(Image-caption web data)
- - - - -
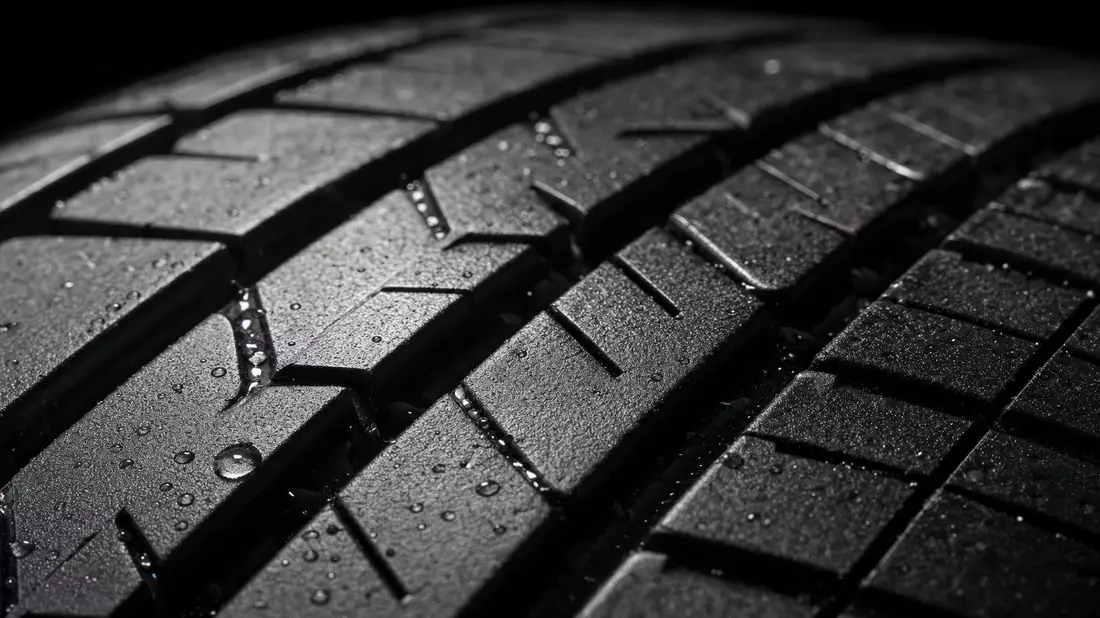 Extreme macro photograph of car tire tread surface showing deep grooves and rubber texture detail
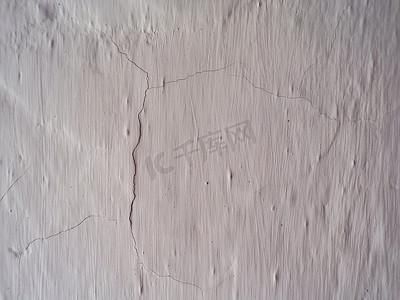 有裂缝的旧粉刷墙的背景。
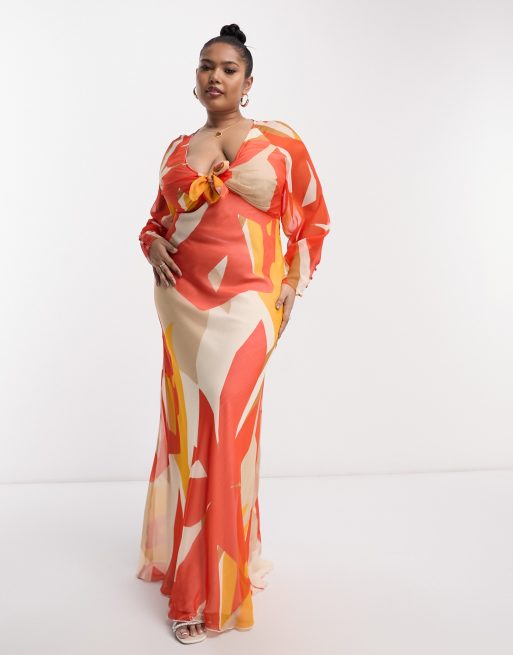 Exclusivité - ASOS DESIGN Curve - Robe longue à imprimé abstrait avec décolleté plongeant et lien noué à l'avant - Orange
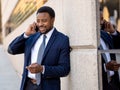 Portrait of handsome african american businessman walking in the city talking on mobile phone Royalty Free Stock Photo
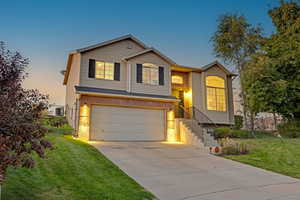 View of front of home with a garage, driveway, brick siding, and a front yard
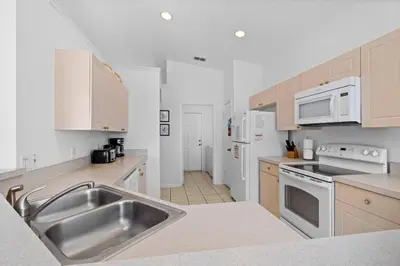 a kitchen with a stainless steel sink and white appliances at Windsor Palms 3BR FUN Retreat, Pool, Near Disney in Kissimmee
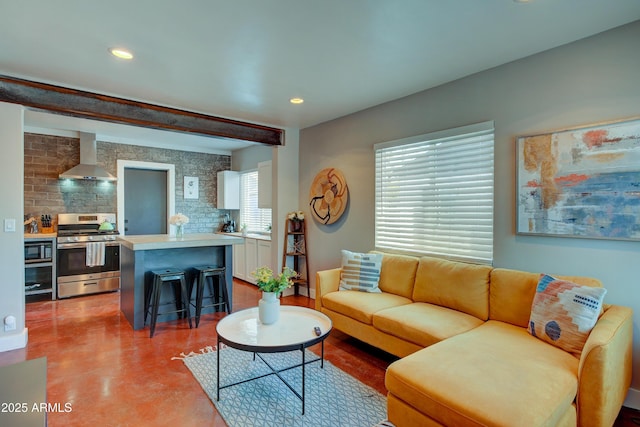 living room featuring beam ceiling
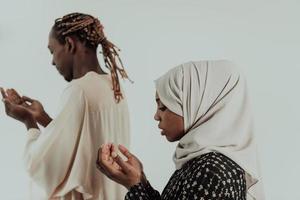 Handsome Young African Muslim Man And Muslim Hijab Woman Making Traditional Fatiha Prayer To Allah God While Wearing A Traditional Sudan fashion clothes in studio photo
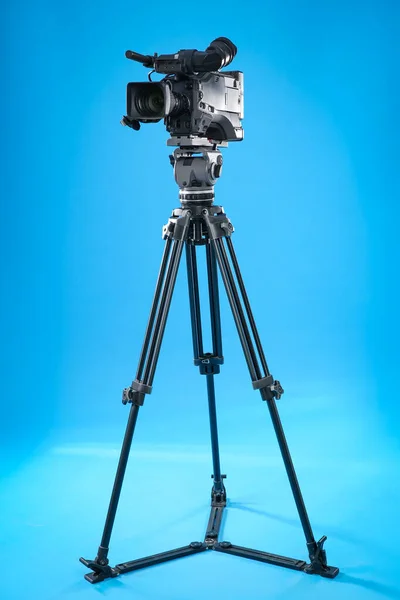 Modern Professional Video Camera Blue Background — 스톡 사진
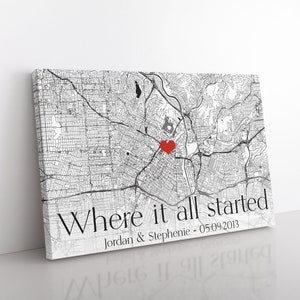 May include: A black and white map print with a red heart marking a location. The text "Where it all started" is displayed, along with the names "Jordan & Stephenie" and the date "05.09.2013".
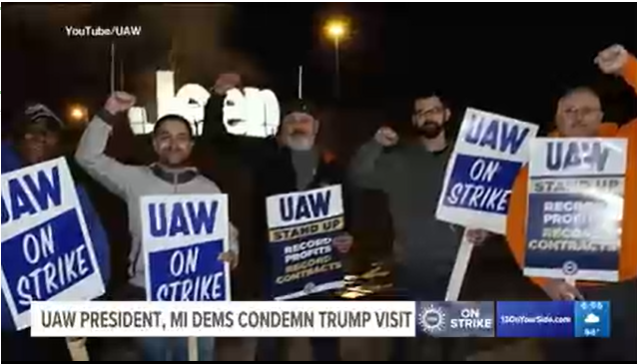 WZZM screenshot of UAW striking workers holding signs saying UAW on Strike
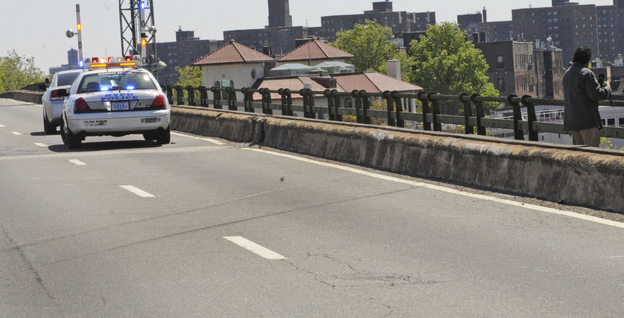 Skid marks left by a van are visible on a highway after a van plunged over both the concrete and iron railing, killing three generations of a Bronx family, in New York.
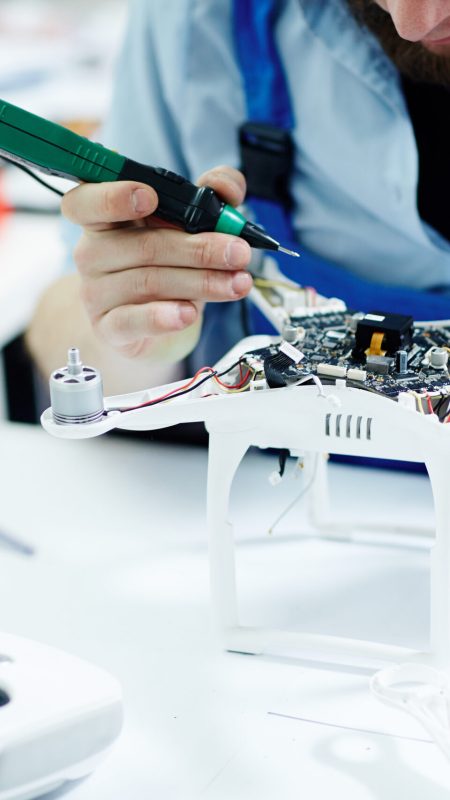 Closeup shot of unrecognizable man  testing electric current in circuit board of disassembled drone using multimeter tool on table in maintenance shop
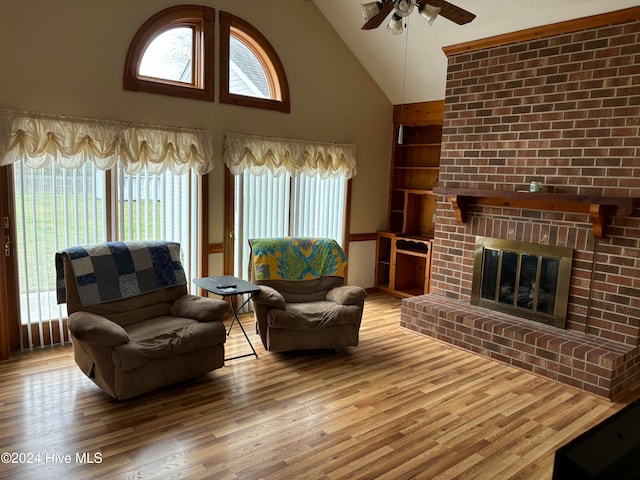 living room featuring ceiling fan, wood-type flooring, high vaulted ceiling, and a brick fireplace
- - - - -
> **DIRECTIONS**: Every line of the data above should be quoted exactly. Omit the pictures.

> **WORKED SOLUTION**:
 Extreme macro photograph of car tire tread surface showing deep grooves and rubber texture detail
 有裂缝的旧粉刷墙的背景。
 Exclusivité - ASOS DESIGN Curve - Robe longue à imprimé abstrait avec décolleté plongeant et lien noué à l'avant - Orange
 Portrait of handsome african american businessman walking in the city talking on mobile phone Royalty Free Stock Photo
 View of front of home with a garage, driveway, brick siding, and a front yard
 a kitchen with a stainless steel sink and white appliances at Windsor Palms 3BR FUN Retreat, Pool, Near Disney in Kissimmee
 living room featuring beam ceiling
 Handsome Young African Muslim Man And Muslim Hijab Woman Making Traditional Fatiha Prayer To Allah God While Wearing A Traditional Sudan fashion clothes in studio photo
 Modern Professional Video Camera Blue Background — 스톡 사진
 May include: A black and white map print with a red heart marking a location. The text "Where it all started" is displayed, along with the names "Jordan & Stephenie" and the date "05.09.2013".
 WZZM screenshot of UAW striking workers holding signs saying UAW on Strike
 Skid marks left by a van are visible on a highway after a van plunged over both the concrete and iron railing, killing three generations of a Bronx family, in New York.
 Closeup shot of unrecognizable man  testing electric current in circuit board of disassembled drone using multimeter tool on table in maintenance shop
 living room featuring ceiling fan, wood-type flooring, high vaulted ceiling, and a brick fireplace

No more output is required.